Get involved in the community and watch your career grow.

------
whiskykilo
I think something that is very important to remember from the beginning, is to
create a personal "Brand". Use the same profile picture everywhere, including
LinkedIn. For your website, target content for people in your field, not
recruiters or HR. The companies that you want to work for are ones that
understand that contributing to the community is important.

Take content you've written while in school (especially if you're in IT) and
put it on GitHub (assuming you can legally). Write about it. Worry less about
making it a resume and more about what you're capable of.

That's my two cents... In the end, I found my job via a Twitter follower who
happened to be the CIO of a telehealth company. He was most excited that I
write content and contribute to the community via Github, Blogs, and Twitter.

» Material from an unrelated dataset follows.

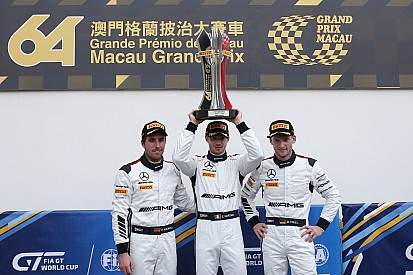 FIA GT World Cup Macau: Mortara op pole, Frijns schampt de muur
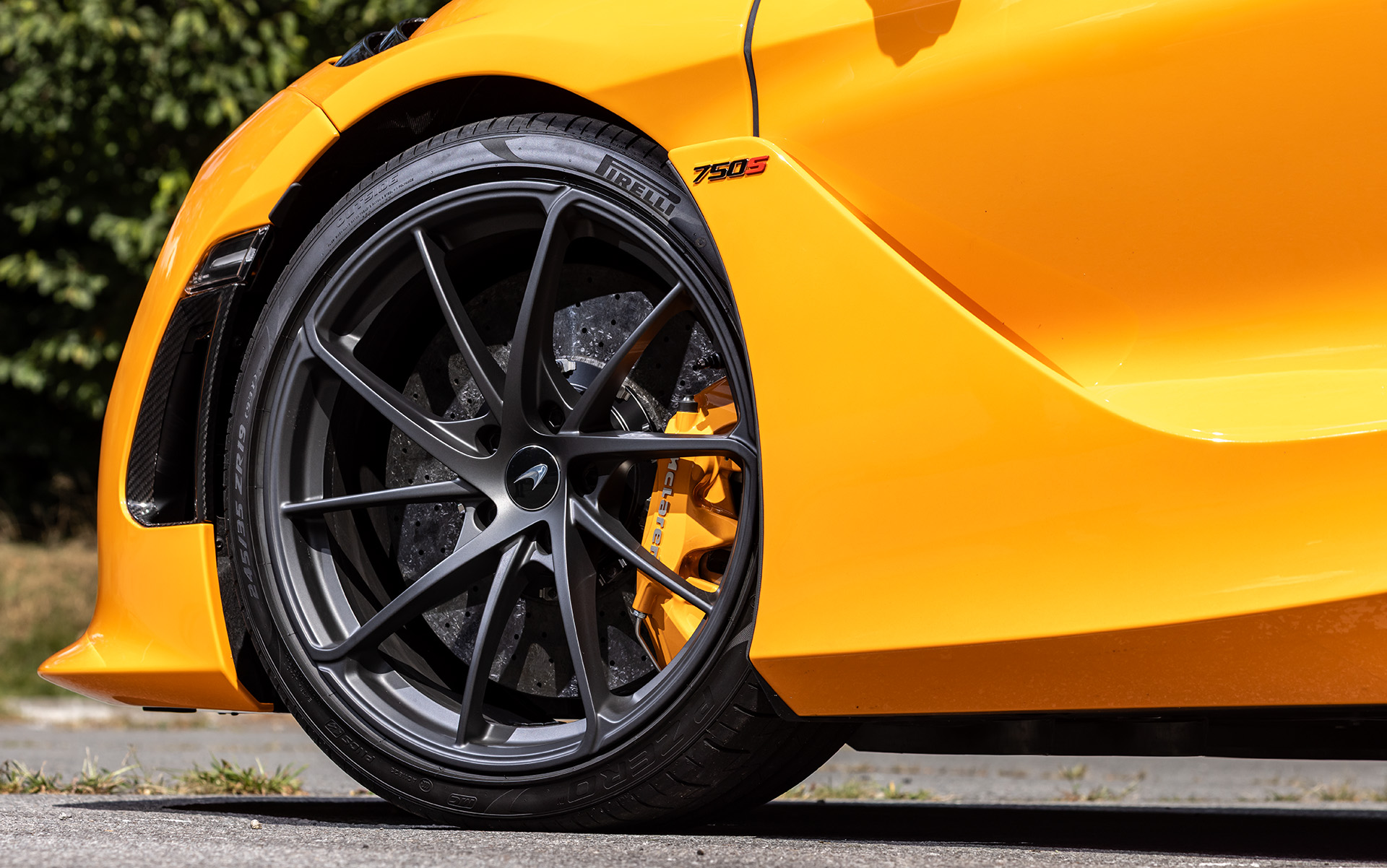 10本スポークの超軽量鍛造アロイ・ホイールに組み合わせるタイヤはピレリ「P ZERO」（フロント245/35R19、リア305/30R20）。オプションで「P ZERO コルサ」「P ZERO トロフェオ・R」も選択可能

Also, make sure to add a personal touch. I've struggled with that on my blog,
but am focusing on it more now.

------
petervandijck
I like it oldskool.

\- name, email, location, links (twitter, linkedin, github, ...)

\- Overview of your achievements & how you position yourself ("I am a ...")

Most of the actual content will likely live on other sites (blog, Behance
portfolio, ...)

------
jtfairbank
Its not Github or LinkedIn, make it personal. You certainly want to show off,
but you want to do it in a way that represents you. Really into design? Focus
on that and show off your portfolio creatively. Like the backend? Include a
few essays talking about your favorite DB or server side language. Spend your
free time on projects? Show em off- blog posts, links. Spend it doing
something else? Talk about that sick run you shredded in Aspen or the art
style you pioneered by getting an Alpaca to roll around on the canvas.

------
virens
1\. Project/Work done in past

2\. Articles/Blogs written regularly. This showcase that you are aware about
current trends

3\. Social - You could add links to your social profiles (Facebook, Twitter
etc.) and your professional profile (LinkedIn)

------
ratalla
Because it's your personal site, you don't want to make it too formal.
Definitely include your accomplishments, but have fun with it. Mine is
currently under construction, but you are welcome to check it out for
ideas...roiatalla.com

------
rehabgoggles
i have been working my perfect personal website that defines me but doesnt
reveal that i really dont know how to make a website, or havent since flash
was invented anyway... i have been working on mine for 12 years - dont ever
give up